Class of rings between fields and euclidean domains (improvement of euclideanity)
I am new to algebraic number theory, arithmetic in domains and I want an answer to the following question (that might be naive/unusual):
According to Wikipedia, there is no class specified between fields and euclidean domains (see the chain of class inclusions). Going to the right of the chain, the ring has more arithmetic properties. I feel that there must be something there, to further distinguish between/classify euclidean domains (below are $3$ ideas). Are these ideas reasonable or is there a "better" class (or property) that "fills this gap", i.e. stronger than euclideanity, but weaker than a field?
(For example, Schreier domains are between integrally closed domains and GCD-domains.)
Research effort: I have only found $3$ examples/ideas (EDIT: the last two failed, and the first is known, due to Jodeit paper, see below), which are made in order to improve the arithmetic properties, but I don't know if these are "official", known classes, that might follow the standard pattern of class inclusions:
$1)$ $Q_1$ , shows when the quotient and remainder are uniquely determined. Let's call this U-Euclidean domains.
$2)$ $Q_2$ , this is a stronger case of U-Euclidean domains, because the euclidean function is a degree function, which gives uniqueness in the Euclidean division. In other words, $K$ and $K[X]$, where $K$ is a field, are U-Euclidean domains. (EDIT: Jodeit paper shows that these are the only U-Euclidean domains!)
$3)$ $Q_3$ , reveals that any euclidean function must take at least $3$ values, for a non-field euclidean domain. I am also aware of the Minimal Euclidean function . To be specific, during the construction of the minimal norm, in that partition via $R_n$, $R_0$ is the set of units, and $R_1$ is the set of all universal side divisors. If the domain is not a field, it follows from $Q_3$ that $R_1$ and $R_2$ are nonempty. An example where this partition is finite might be a solution to fill the gap. In any field $K$, $K=\{0\} \cup R_0$, indeed, finite. Finitude might come closer to fields, because in the case of the integers, even the Motzkin minimal function won't give a finite partition. Therefore, one can investigate the following situation (EDIT: I added the answer, there is no need to answer it):
Find an example of non-field euclidean domain such that $\exists k\geq 3$ with $R_i=\phi, \forall i\geq k$.
$A$: NO. There aren't non-field euclidean domains $R$ for the "finitude" described in $3)$. It is known that any euclidean function defined on $R$ is unbounded, including the minimal euclidean function $N$ described above ($N(x) \geq L(x)$, where $L$ is the factorization length function).

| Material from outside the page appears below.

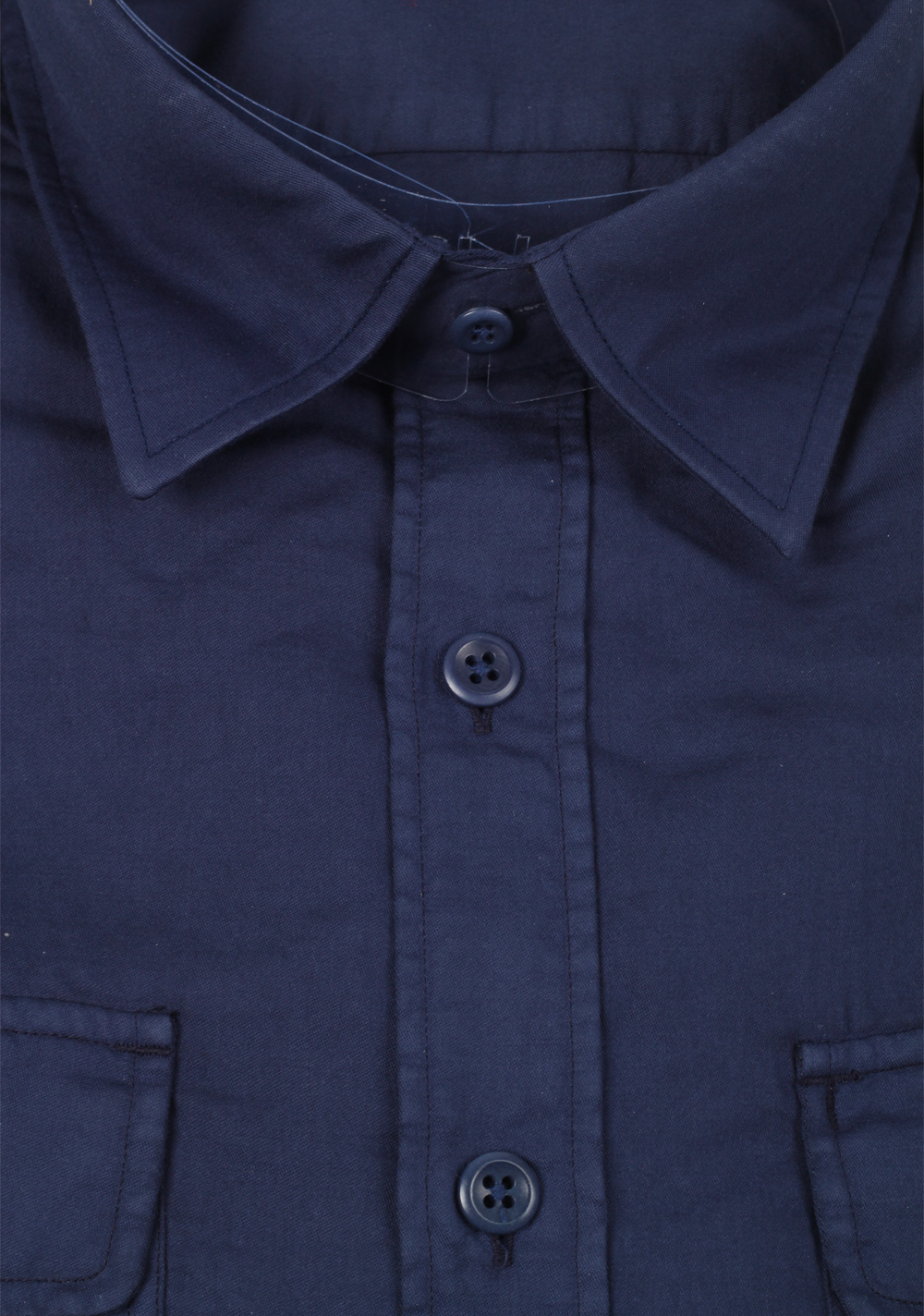 TOM FORD Solid Blue Casual Shirt Size 40 / 15,75 U.S. | Costume Limité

Due to this, $R_i \neq \phi, \forall i\geq 0$. In fact, $Q_3$ can be improved by stating that any euclidean function must take infinitely many values (again, non-field case).
Solution 1:
I'm not sure I would agree that "filling the gap" is a very reasonable way to put it (I don't really think there is a gap to fill), but the class of local principal rings (so rings that are either fields or discrete valuation rings) is between fields and euclidean rings.